What you are asked to do:
Transcribe all of the data exactly, leaving nothing out.

[Saved data entries]

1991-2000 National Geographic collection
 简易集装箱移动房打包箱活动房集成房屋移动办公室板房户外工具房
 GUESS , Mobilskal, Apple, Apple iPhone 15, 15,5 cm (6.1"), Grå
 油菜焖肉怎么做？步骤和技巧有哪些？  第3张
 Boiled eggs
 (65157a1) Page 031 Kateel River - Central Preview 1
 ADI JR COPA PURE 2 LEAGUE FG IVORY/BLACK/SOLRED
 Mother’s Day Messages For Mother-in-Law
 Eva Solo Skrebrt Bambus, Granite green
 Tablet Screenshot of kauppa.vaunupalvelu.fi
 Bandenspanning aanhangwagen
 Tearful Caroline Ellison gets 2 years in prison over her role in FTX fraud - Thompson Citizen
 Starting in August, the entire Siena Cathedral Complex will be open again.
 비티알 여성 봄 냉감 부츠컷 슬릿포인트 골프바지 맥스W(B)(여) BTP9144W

Answer space:
1991-2000 National Geographic collection
 简易集装箱移动房打包箱活动房集成房屋移动办公室板房户外工具房
 GUESS , Mobilskal, Apple, Apple iPhone 15, 15,5 cm (6.1"), Grå
 油菜焖肉怎么做？步骤和技巧有哪些？  第3张
 Boiled eggs
 (65157a1) Page 031 Kateel River - Central Preview 1
 ADI JR COPA PURE 2 LEAGUE FG IVORY/BLACK/SOLRED
 Mother’s Day Messages For Mother-in-Law
 Eva Solo Skrebrt Bambus, Granite green
 Tablet Screenshot of kauppa.vaunupalvelu.fi
 Bandenspanning aanhangwagen
 Tearful Caroline Ellison gets 2 years in prison over her role in FTX fraud - Thompson Citizen
 Starting in August, the entire Siena Cathedral Complex will be open again.
 비티알 여성 봄 냉감 부츠컷 슬릿포인트 골프바지 맥스W(B)(여) BTP9144W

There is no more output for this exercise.